Su huerta es hoy fantasmagórica: Segundo Tapia se pasea entre los esqueletos de sus árboles, nostálgico. "Antes aquí era rebonito. En todas partes había un árbol con frutas. Todos se secaron. Ahora esto sirve sólo para leña", dice.

Lo mismo se vive en El Sauce. "Nadie quiere asumir este cargo y, además, cuando a uno lo eligen, lo cuestionan", explica Luis Araya, presidente del comité de APR de aquí, con evidente cara de cansancio.
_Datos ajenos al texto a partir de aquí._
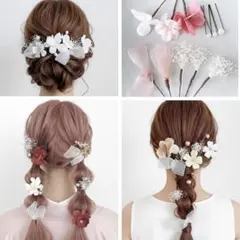商品No.14 チュールリボン、パール、小花 ヘアピン 11点セット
El día que llega el camión aljibe a los pueblos, prácticamente nadie sale de su casa esperando que los operadores abran la llave del agua en la copa. Y como muchos abren los grifos en sus casas al mismo tiempo, algunos se quedan sin agua y con sus baldes vacíos. Por ello, y cansados también de los reclamos, que René Carvajal y su operador del APR de Quilitapia idearon un sistema que, hasta ahora, ha resultado a prueba de balas. Dan el agua de las 5.30 hasta las 6.30 de la mañana, para que no todos abran las llaves a la misma hora. "Con eso, se ducha el que se levantó", explican.

Pero hace un mes, alguien se rebeló. Y se fue por su cuenta a la copa donde se guarda el agua. Y así, a las 10 de la noche, de pronto comenzó a salir agua en los baños del pueblo. Resignado, Hernán Tapia -operador en Quilitapia- lo recuerda: "Me tuve que levantar y venir corriendo a cerrar la llave".